In the morning session, the ODAC members voted 17-0 in favor of approving Amgen's Avastin biosimilar ABP 215, for six of 8 originally approved indications for Avastin, as they are covered by orphan drug exclusivity until 2021 and 2023.

In the afternoon session, ODAC members voted 16-0 in favor of approving Mylan's Herceptin biosimilar candidate, MYL-1401O, for all of Herceptin's indications, including an indication for metastatic gastric cancer, which is protected by orphan drug exclusivity through 20 October 2017.

For both the drugs the FDA and committee members felt that there were no clinically meaningful differences between the reference products and the biosimilars. However, some members were worried about extrapolating the data from studies pertaining to single disease to multiple indications in actual clinical application.

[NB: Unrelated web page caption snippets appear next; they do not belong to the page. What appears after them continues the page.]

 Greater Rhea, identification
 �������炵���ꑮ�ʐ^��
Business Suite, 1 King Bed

Courtney J. Preusse, MA, ODAC's consumer representative and a research administrator at Fred Hutchinson Cancer Research Center in Seattle said, “I would like to strongly applaud the sponsor for equivalence results that were very solid and for what appears to be the first proposal for a biosimilar for a drug that's been on the market for almost three decades.”

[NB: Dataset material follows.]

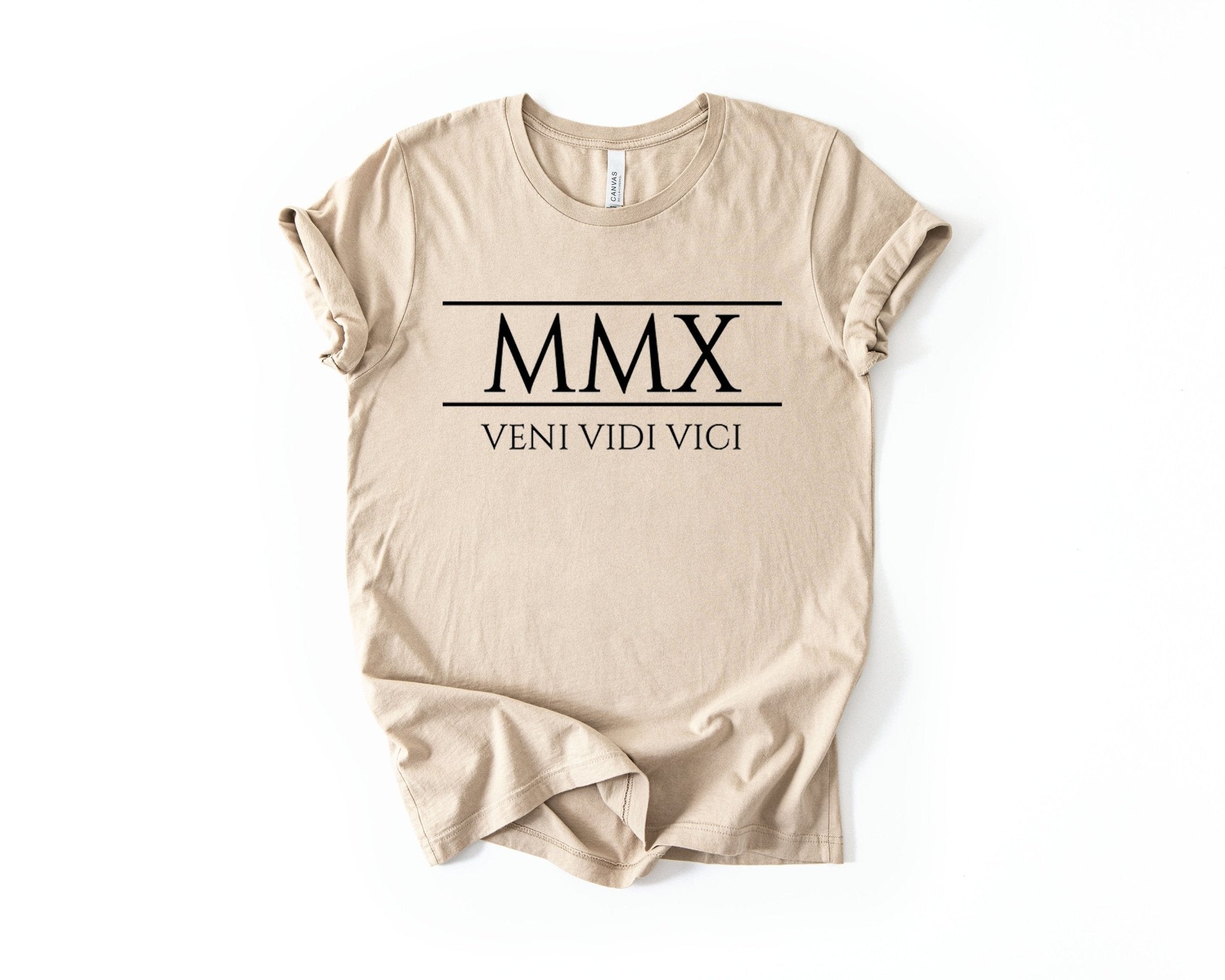 16th Birthday T-Shirt Roman Number - Birthday Tees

To gain the approval, Mylan has submitted clinical trial data comparing MYL-14010 and European Union trastuzumab. The trial recruited 458 patients with untreated metastatic breast cancer, who were randomized to receive MYL-14010 or EU-trastuzumab in combination with a taxane, for a minimum of eight cycles.

Those patients whose disease was stabilized were put on single agent MYL-14010 or EU-trastuzumab for a period until the disease progressed or drug toxicity developed.
In an intention to treat analysis, overall similar response was achieved with both the drugs. No difference was observed in safety analysis also.

The FDA and ODAC report concluded that the clinical trials have  shown "that there are no clinically meaningful differences between MYL-14010 and US-Herceptin in terms of the safety, purity, and potency of the product."